A proposition isn’t necessarily sexual harassment

Ok, so my feeling is that if someone propositions you (ie asks you if you’d like to have sex) at a dance event, it’s not sexual harassment in and of itself.

What makes it sexual harassment?

– They have more power than you do (whether they’re your teacher or boss, your host whose house you’re staying in, someone with more physical power, etc etc).
– They threaten you with consequences, or imply shit will go bad for you if you don’t take them up on the offer (eg they’re your dance partner and say they’ll pull out of the comp if you say no; they’re your boss and say they won’t give you any shifts if you say no; they’re a peer and say they’ll tell people bad stuff about you if you say no). ie they try to coerce you into saying yes.
– They ask in an inappropriate setting (eg you’re colleagues both working, and they ask you while you’re both working and you can’t move away or comfortably say no).
– They ask you repeatedly and try to convince you.
– When you don’t respond, or you say no, or you leave the room, they follow you, ask you repeatedly, or continue as though you’d said yes.
– The event has a safe space policy that says ‘It’s not ok to ask someone if they want to have sex with you at this event’. This one is trickier, but if an event has a ‘no sex’ policy (and that is a legit option) and they proposition you anyway, that implies they don’t care about boundaries and rules.
– You weren’t physically able to say yes or no or move away (eg if you’re drunk or stoned, asleep, working (eg MCing or working a cash register), backed into a corner, etc.
– You’re at an event in a culture or society where the act of asking is impossible to refuse.
– You’ve just told them you feel scared and afraid.

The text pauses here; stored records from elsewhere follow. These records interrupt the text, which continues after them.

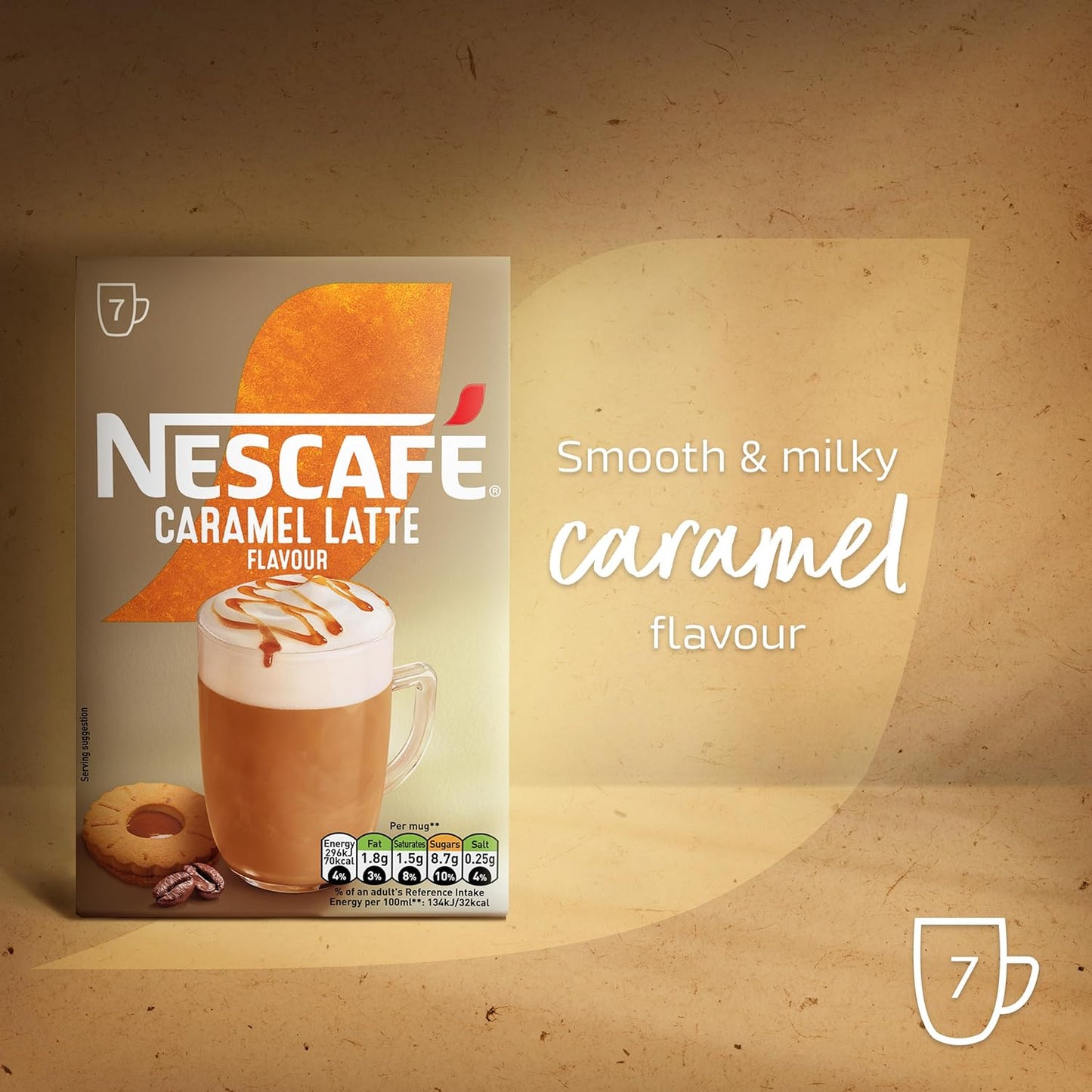Nescafe Caramel Latte Instant Coffee Sachets - Pack of 7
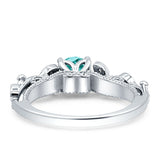 Vintage Style Floral Round Engagement Ring Cubic Zirconia 925 Sterling Silver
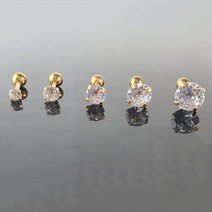 (12pcs) 젤루나 써지컬 큐빅 볼 피어싱 귀걸이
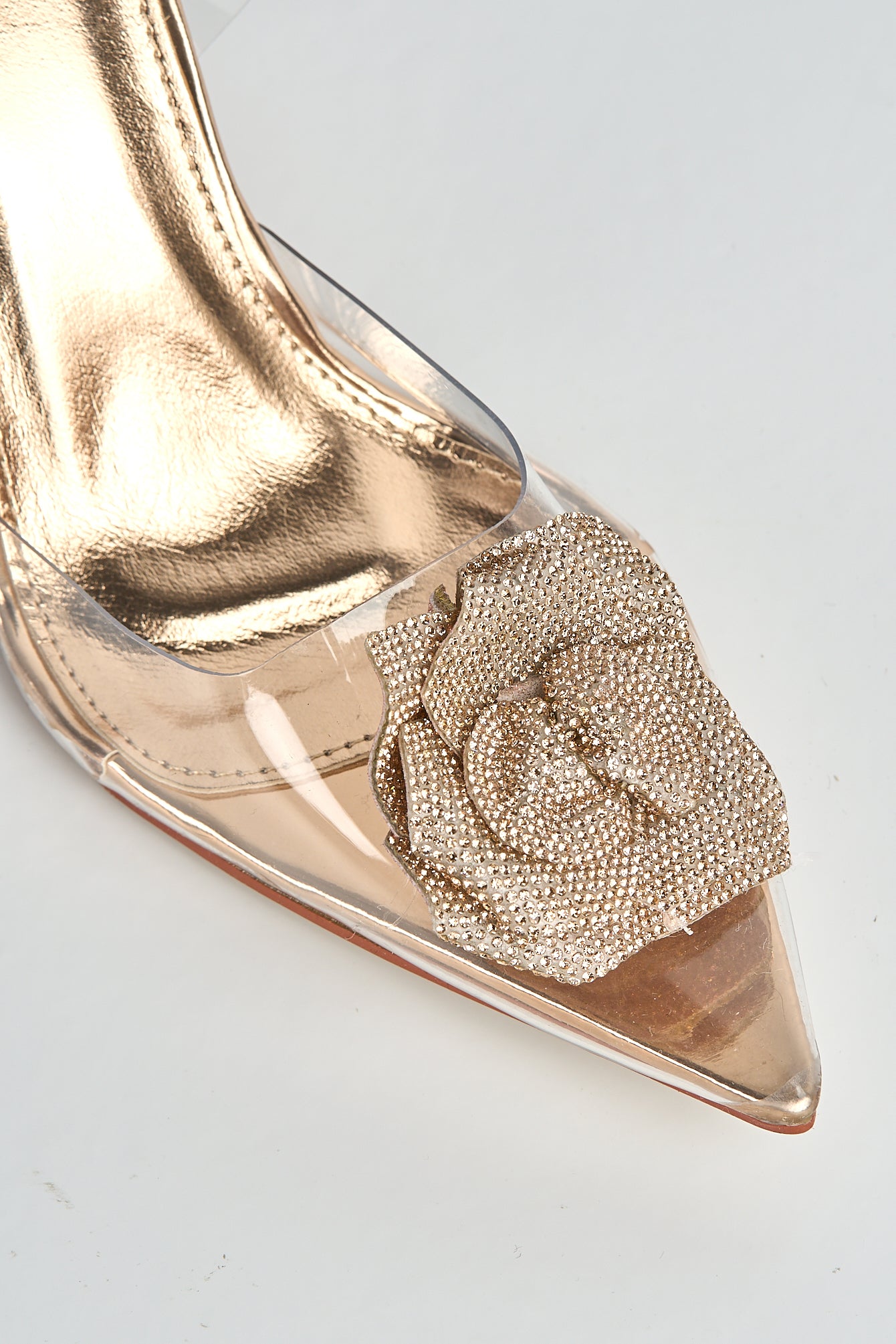 Rosela Diamante Rose Detail Pointed Toe Perspex Heels In Rose Gold GT-1-RGOL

If they asked you to have sex, then moved on (physically or in conversation) when you say no or don’t say yes, then it’s not necessarily sexual harassment.

It could be awkward, you could dislike it, you could feel confused or upset, but it’s not necessarily sexual harassment.

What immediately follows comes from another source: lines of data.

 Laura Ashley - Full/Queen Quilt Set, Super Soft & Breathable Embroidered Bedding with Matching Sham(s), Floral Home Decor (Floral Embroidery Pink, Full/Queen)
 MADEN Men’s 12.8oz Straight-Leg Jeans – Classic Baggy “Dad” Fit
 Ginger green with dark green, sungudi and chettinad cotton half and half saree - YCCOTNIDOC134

To be super clear: there’s nothing wrong with feeling afraid, upset, confused, embarrassed, angry, etc when someone propositions you. It’s ok to feel shitty if you were enjoying a nice asexual/nonsexual moment and they harshed your vibe. It’s ok to be annoyed if you’re straight and they’re gay (or vice versa) and they don’t suit your sexual preferences.

They’re all legit feelings. If you do feel this way, you should definitely find a safe space and get some help if you want it. You don’t have to report anything or have a safe space staff member sort it out for you.
But if someone likes you and finds you attractive and makes an offer, that’s not necessarily sexual harassment.

How do you respond if someone does proposition you, and you don’t want to, or feel afraid or panicky?
A first step is to say “No.” That’s enough. You don’t need to say anything else.
If you can’t get the word out, then it’s also ok to just freaking run away. Get out of there.
What if you freeze and can’t do or say anything?

A decent person is looking for _enthusiastic_ consent. If you don’t say anything, or if you say no, then a decent person is not going to pursue you. Best case scenario, they’re going to apologise and remove themselves.
If you do haul arse and run away, or you’re stuck there frozen and silent, a decent person will check in with the event staff to let them know that you seem upset, and they’ll make sure the staff know how to find them. Or they’ll tell your mates to check in. They should know better than to follow you and try to explain themselves.
And I think that this is where it becomes obvious that we are all responsible for each other’s safety. If you’re in a group or a social space, and you do freeze and panic, hopefully someone else will notice and check in with you.

And if _you_ see someone proposition someone and get a panicky/scared response, it’s important that you do something. You don’t have to confront anyone. You could just suddenly ask the scared person if they’re taking class tomorrow. Or you could ask the propositioner if _they’re_ taking class. Do it loudly and akwardly and you’ll defuse the situation and other people’s attention will be drawn, so they might be able to do something more.

But we all have a responsibility to keep an eye out for each other.